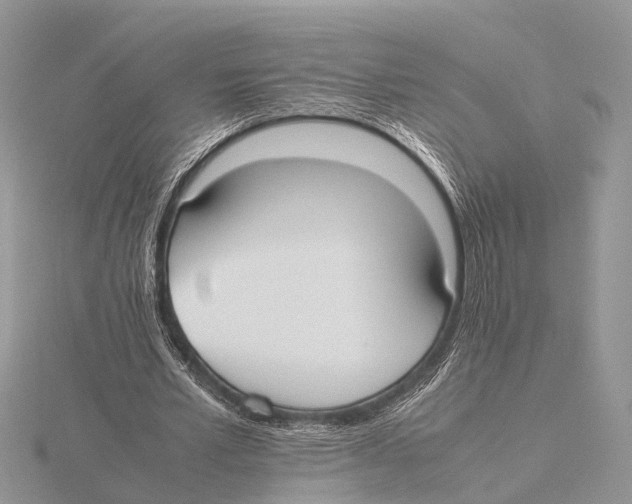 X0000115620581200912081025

--

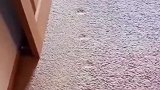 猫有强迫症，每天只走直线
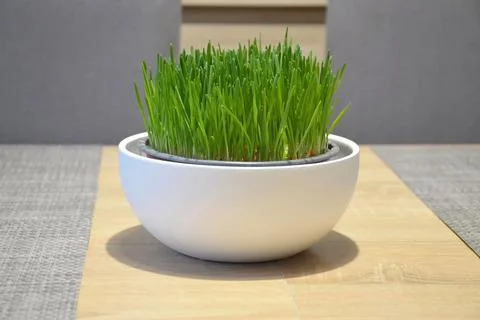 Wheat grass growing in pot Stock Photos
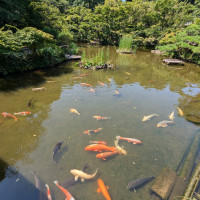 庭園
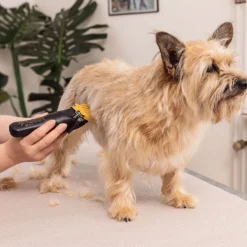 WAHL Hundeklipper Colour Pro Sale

- Task prompt: Within the listing above, extract exactly the lines that run from the one containing "Wheat grass growing in pot Stock Photos" through the one containing "WAHL Hundeklipper Colour Pro Sale", excluding any pictures.

- Task solution:
 Wheat grass growing in pot Stock Photos
 庭園
 WAHL Hundeklipper Colour Pro Sale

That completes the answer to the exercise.